Even when control circuits and control signal lines are provided for each of the banks, significant adverse problems can be minimized as long as the number of banks remain as low as four. However, when the number of independently operating banks increases beyond four to, for example, sixteen, thirty-two, etc., an adverse problem of an increased chip size corresponding to the increased number of banks can be problematic. Particularly, the chip area occupied by timing control circuits can be significantly large as compared to the chip area occupied by other circuits. Thus, as higher speed operation is needed such that the number of independently operating banks increases, chip size can be adversely affected.
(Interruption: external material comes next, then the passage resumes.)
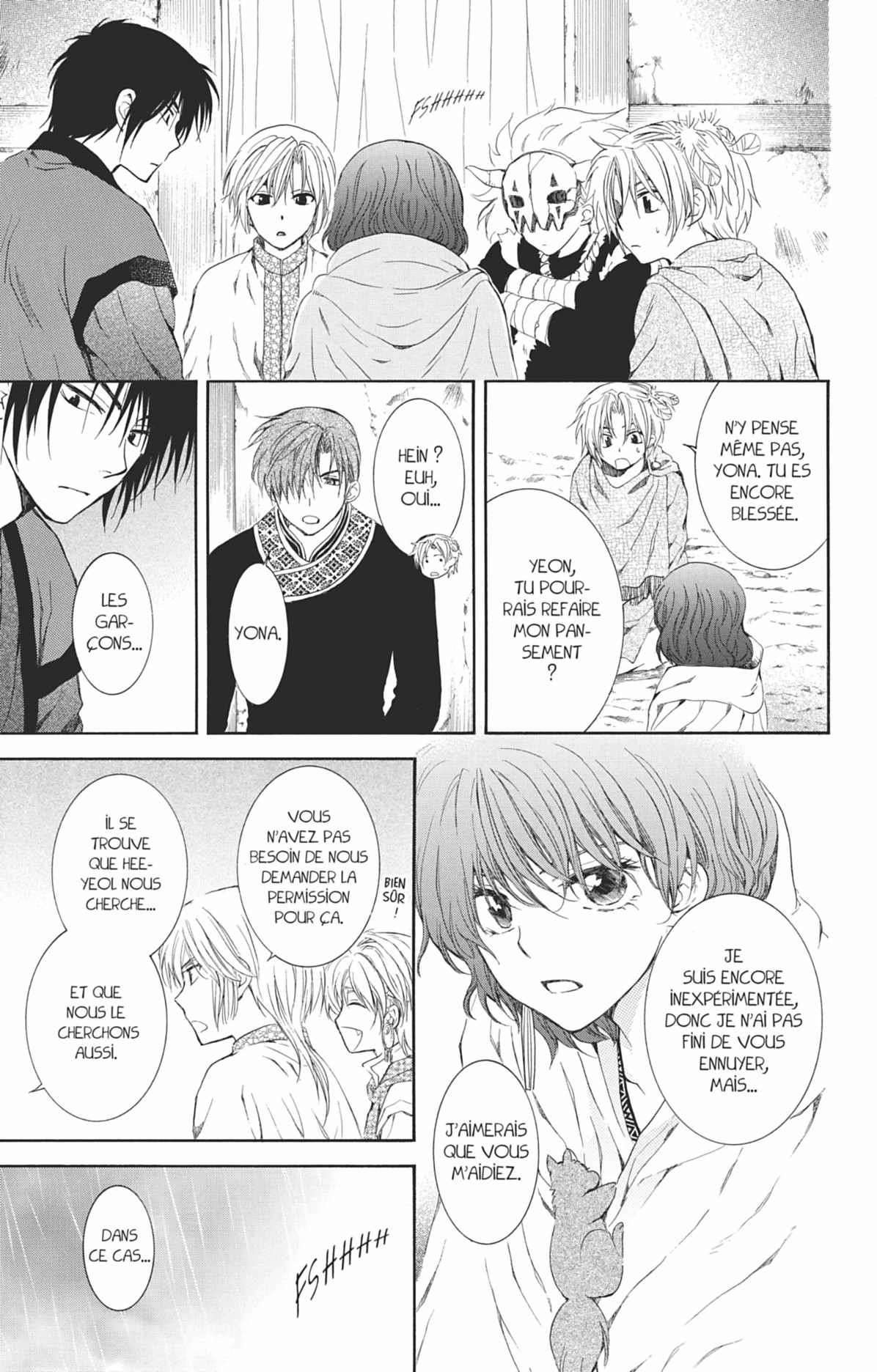 Read Yona of the Dawn Fr Manga Online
In the above example, commands are externally supplied to the semiconductor storage device. A command decoder can receive these commands. Timing control circuits can receive the decoded commands and generate respective timing control signals by appropriately delaying signals to give desired timings. The delay can be provided by a plurality of inverters connected in series. These chains of inverters can result in an increased chip area occupied by the timing control circuits. Because some of the timing control signals are to be supplied to other areas of the semiconductor storage device or to a large number of circuits within a bank, the final driver stage needs a large current driving capability. This can require the final driver stage to include large sized transistors, which can further increase chip size.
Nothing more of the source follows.